We try to put into legislation factual information which children need to receive. In this debate, we have spoken a lot about the importance of the careers education service being the outside body which does not have a vested interest in children taking any one pathway and in giving them information. I support that wholeheartedly. That is the importance of the Careers Service. I am supportive of some of these amendments, although not all of them are in great detail other than the one to which I have put my name. I worry that they are not sufficient.

There are two parts to the process of what ends up with the child; namely, the young person who receives the information and the young person who makes a decision. Receiving information is not the same as making a decision. On sex education, obesity, health and safety or whatever it may be, you can hear members of the public say, “Haven’t they been told about that at school?”. Of course children have been told, but they have not absorbed it and it has not led them to make the decision we would wish them to make.

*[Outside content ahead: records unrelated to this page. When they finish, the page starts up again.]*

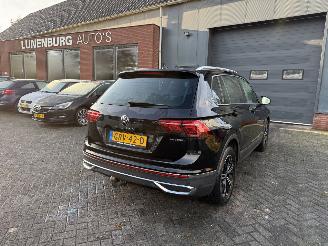 krockskadad bil auto Volkswagen Tiguan 1.4 TSI eHybrid R-Line Business+ 2021/6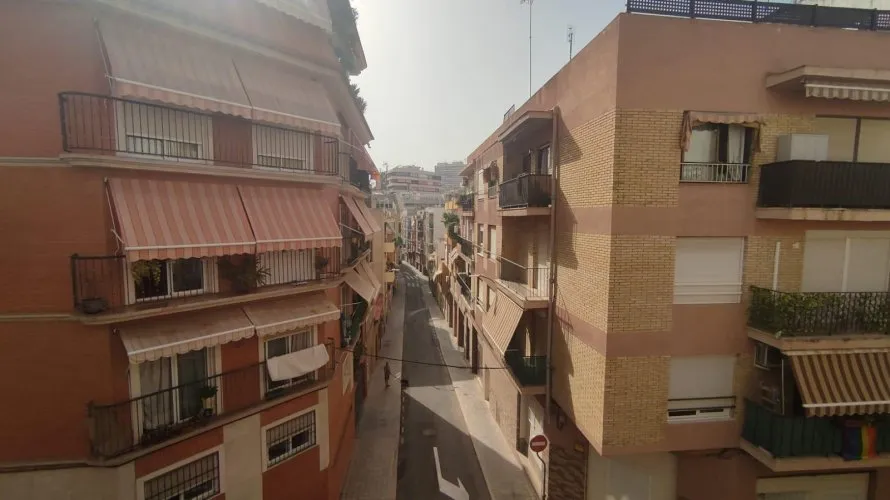 Apartamento de 2 dormitorios en Alicante, Spain No. 1450 № 10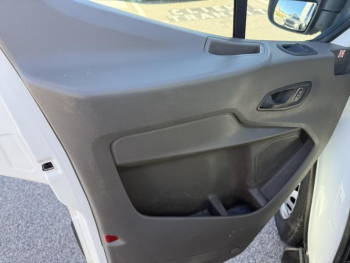 Photo 10 du bon plan FORD Transit CCb VUL Benne + coffre Pro RJ 350 L3 2.0 EcoBlue 130ch Diesel S&S Trend Business occasion à 21990 €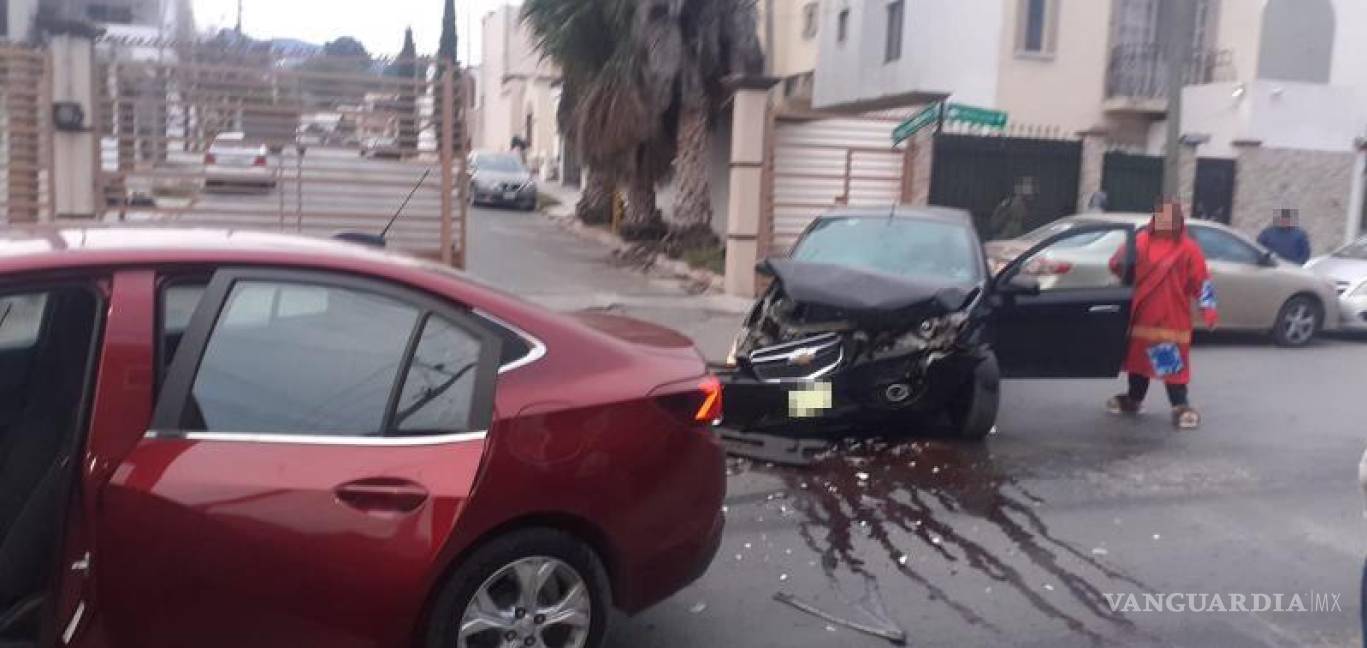 $!Ambos vehículos involucrados en el accidente quedaron estacionados en el centro de la vialidad mientras se solucionaba la situación.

On the whole of this agenda, including children and young people making decisions about their future, I would like some acknowledgement that, as important as these amendments are, children and young people have a right to impartial information. The real thing that we do not do effectively is enable them to make a decision. The Careers Service essentially is one careers officer going into a school now and again to give information and then often leaving the school. Other people are left with the children and young people while they make their decisions. Schools have a vested interest in making them stay on, although we should not give inaccurate pictures of the behaviour of teachers. Most head teachers act in the interests of young people. There are parents who do not know about apprenticeships or other options and some of them do not have aspirations for their children.